Increasing demand for more powerful and convenient data and information communication has spawned a number of advancements in communications technologies. One area of particular interest is broadband communication, and related applications. The growing usage of broadband communications has given rise to a number of manufacturing and operational considerations. Some of those considerations are unique to broadband, while others are common to most communications technologies. Amongst the common considerations for most modern communications technologies is the need or desire to maximize data transfer rates.
An emerging trend in broadband communications—especially among technologies such as wireless broadband (WiBro) and TD-SCDMA (Time Division Synchronous Code Division Multiple Access)—is the inclusion of time division duplexing (TDD) operation in systems having relatively high power operations.
Generally, TDD uses a single channel for full duplex communications.
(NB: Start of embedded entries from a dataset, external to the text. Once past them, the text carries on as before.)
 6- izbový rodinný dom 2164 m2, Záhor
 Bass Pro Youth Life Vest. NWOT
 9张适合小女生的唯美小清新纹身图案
Separation between transmit and receive occurs in the time domain on the same carrier frequency. Transmission direction alternates between uplink (i.e., transmit) and downlink (i.e., receive), and the amount of bandwidth allocated to each direction is flexible. A carrier can use any part of the channel to its full capacity in either the forward or reverse direction in response to demand.
TDD-based wireless base-stations and equipment frequently employ a single antenna architecture, utilizing some form of time duplexer module to alternately route the transmitter and receiver to an antenna. Commonly, time duplexer modules take the form of a T/R (transmit/receive) or transceiver switch module—one that simply rapidly switches the antenna connection alternately between transmit and receive channels.
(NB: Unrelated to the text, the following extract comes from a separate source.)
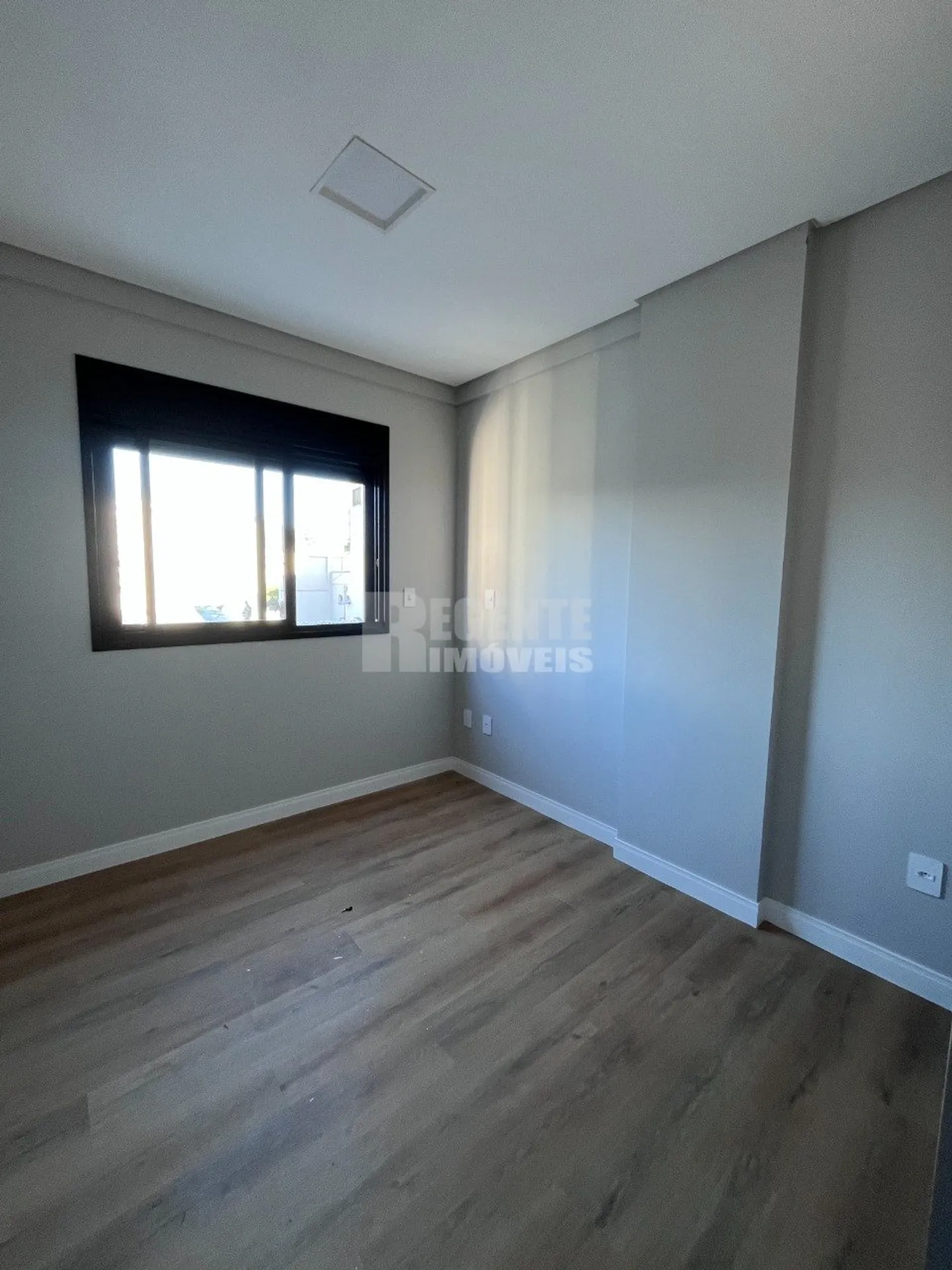 Apartamento amueblado de 2 dormitorios con balcón — photo 8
Conventionally, T/R switches have some finite isolation between transmit and receive paths. As such, noise from the transmit channel—especially from components intended to boost transmission signal power (e.g., power amplifier)—may still leak into the receive channel during receive mode, desensitizing or otherwise degrading receiver performance. This is especially problematic for receiver components designed for low-noise operation.
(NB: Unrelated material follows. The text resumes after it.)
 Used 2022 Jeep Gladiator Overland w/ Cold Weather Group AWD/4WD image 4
In a number of conventional TDD applications, designers often made a tradeoff between increasing isolation—which was costly from a design and operational overhead perspective—and accepting a certain level of transmission channel noise during receive operation. Such a tradeoff was acceptable in many conventional TDD applications, since the magnitude of the transmission channel noise was relatively small due to relatively low overall system power levels.
With the advent and growth of higher power TDD-based systems, however, the deleterious effects of transmission channel noise during receive operation can no longer be adequately addressed with such conventional tradeoffs. Higher transmission power requirements require greater amplification along the transmission channel—increasing the capacity for and magnitude of noise experienced during receive operation. Greatly increasing isolation circuitry between the transmit and receive channels is costly, and therefore not a practical solution for many cost-sensitive consumer product applications—especially wireless communications systems.
As a result, there is a need for a system that addresses and minimizes the deleterious effects of transmission channel noise during the receive mode of a transceiver component in a high power TDD wireless communications system—in a manner that complements any existing component isolation without requiring increased switch isolation circuitry—providing efficient and reliable communications in an easy, cost-effective manner.